Start of Information provided
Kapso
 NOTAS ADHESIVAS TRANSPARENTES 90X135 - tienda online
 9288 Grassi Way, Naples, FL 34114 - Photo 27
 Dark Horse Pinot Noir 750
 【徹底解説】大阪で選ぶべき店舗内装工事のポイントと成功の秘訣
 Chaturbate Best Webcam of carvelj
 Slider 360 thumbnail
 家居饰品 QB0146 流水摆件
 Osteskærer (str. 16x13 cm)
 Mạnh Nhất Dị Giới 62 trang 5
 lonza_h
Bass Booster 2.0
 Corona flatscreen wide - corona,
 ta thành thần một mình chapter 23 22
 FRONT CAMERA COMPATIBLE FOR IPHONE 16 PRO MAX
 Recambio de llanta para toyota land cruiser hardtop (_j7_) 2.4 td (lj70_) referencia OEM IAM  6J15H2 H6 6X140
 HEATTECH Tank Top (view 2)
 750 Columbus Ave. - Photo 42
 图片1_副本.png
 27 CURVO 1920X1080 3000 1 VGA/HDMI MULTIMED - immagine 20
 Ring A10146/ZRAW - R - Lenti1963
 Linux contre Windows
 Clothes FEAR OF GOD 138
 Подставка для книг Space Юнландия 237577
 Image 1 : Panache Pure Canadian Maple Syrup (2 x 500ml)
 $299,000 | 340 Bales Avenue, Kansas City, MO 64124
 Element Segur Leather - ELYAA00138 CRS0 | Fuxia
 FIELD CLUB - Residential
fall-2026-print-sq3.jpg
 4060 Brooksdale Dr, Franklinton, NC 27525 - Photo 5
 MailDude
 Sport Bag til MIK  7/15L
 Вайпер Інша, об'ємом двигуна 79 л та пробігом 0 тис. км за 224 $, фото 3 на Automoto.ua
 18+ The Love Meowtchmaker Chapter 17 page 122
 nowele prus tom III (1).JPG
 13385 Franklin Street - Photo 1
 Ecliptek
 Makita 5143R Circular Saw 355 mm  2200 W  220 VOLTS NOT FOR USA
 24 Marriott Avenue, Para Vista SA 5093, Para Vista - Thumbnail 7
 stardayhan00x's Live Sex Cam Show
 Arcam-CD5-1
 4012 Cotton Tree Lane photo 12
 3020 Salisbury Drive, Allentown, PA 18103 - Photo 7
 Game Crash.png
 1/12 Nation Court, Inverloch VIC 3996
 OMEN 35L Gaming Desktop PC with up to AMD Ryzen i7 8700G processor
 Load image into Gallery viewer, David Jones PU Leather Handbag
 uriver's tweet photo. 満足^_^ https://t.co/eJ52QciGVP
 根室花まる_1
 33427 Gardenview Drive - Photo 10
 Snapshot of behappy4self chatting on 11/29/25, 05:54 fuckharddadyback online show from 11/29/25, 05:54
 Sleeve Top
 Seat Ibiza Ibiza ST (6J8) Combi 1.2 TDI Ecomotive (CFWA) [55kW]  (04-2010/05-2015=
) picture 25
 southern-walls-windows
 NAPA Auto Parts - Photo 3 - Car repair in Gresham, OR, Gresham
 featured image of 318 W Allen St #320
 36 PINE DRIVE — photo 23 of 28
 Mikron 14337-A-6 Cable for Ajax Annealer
End of Information provided
Directions for this task:
Each line of the data above is to be set down exactly.

Task response:
Kapso
 NOTAS ADHESIVAS TRANSPARENTES 90X135 - tienda online
 9288 Grassi Way, Naples, FL 34114 - Photo 27
 Dark Horse Pinot Noir 750
 【徹底解説】大阪で選ぶべき店舗内装工事のポイントと成功の秘訣
 Chaturbate Best Webcam of carvelj
 Slider 360 thumbnail
 家居饰品 QB0146 流水摆件
 Osteskærer (str. 16x13 cm)
 Mạnh Nhất Dị Giới 62 trang 5
 lonza_h
Bass Booster 2.0
 Corona flatscreen wide - corona,
 ta thành thần một mình chapter 23 22
 FRONT CAMERA COMPATIBLE FOR IPHONE 16 PRO MAX
 Recambio de llanta para toyota land cruiser hardtop (_j7_) 2.4 td (lj70_) referencia OEM IAM  6J15H2 H6 6X140
 HEATTECH Tank Top (view 2)
 750 Columbus Ave. - Photo 42
 图片1_副本.png
 27 CURVO 1920X1080 3000 1 VGA/HDMI MULTIMED - immagine 20
 Ring A10146/ZRAW - R - Lenti1963
 Linux contre Windows
 Clothes FEAR OF GOD 138
 Подставка для книг Space Юнландия 237577
 Image 1 : Panache Pure Canadian Maple Syrup (2 x 500ml)
 $299,000 | 340 Bales Avenue, Kansas City, MO 64124
 Element Segur Leather - ELYAA00138 CRS0 | Fuxia
 FIELD CLUB - Residential
fall-2026-print-sq3.jpg
 4060 Brooksdale Dr, Franklinton, NC 27525 - Photo 5
 MailDude
 Sport Bag til MIK  7/15L
 Вайпер Інша, об'ємом двигуна 79 л та пробігом 0 тис. км за 224 $, фото 3 на Automoto.ua
 18+ The Love Meowtchmaker Chapter 17 page 122
 nowele prus tom III (1).JPG
 13385 Franklin Street - Photo 1
 Ecliptek
 Makita 5143R Circular Saw 355 mm  2200 W  220 VOLTS NOT FOR USA
 24 Marriott Avenue, Para Vista SA 5093, Para Vista - Thumbnail 7
 stardayhan00x's Live Sex Cam Show
 Arcam-CD5-1
 4012 Cotton Tree Lane photo 12
 3020 Salisbury Drive, Allentown, PA 18103 - Photo 7
 Game Crash.png
 1/12 Nation Court, Inverloch VIC 3996
 OMEN 35L Gaming Desktop PC with up to AMD Ryzen i7 8700G processor
 Load image into Gallery viewer, David Jones PU Leather Handbag
 uriver's tweet photo. 満足^_^ https://t.co/eJ52QciGVP
 根室花まる_1
 33427 Gardenview Drive - Photo 10
 Snapshot of behappy4self chatting on 11/29/25, 05:54 fuckharddadyback online show from 11/29/25, 05:54
 Sleeve Top
 Seat Ibiza Ibiza ST (6J8) Combi 1.2 TDI Ecomotive (CFWA) [55kW]  (04-2010/05-2015=
) picture 25
 southern-walls-windows
 NAPA Auto Parts - Photo 3 - Car repair in Gresham, OR, Gresham
 featured image of 318 W Allen St #320
 36 PINE DRIVE — photo 23 of 28
 Mikron 14337-A-6 Cable for Ajax Annealer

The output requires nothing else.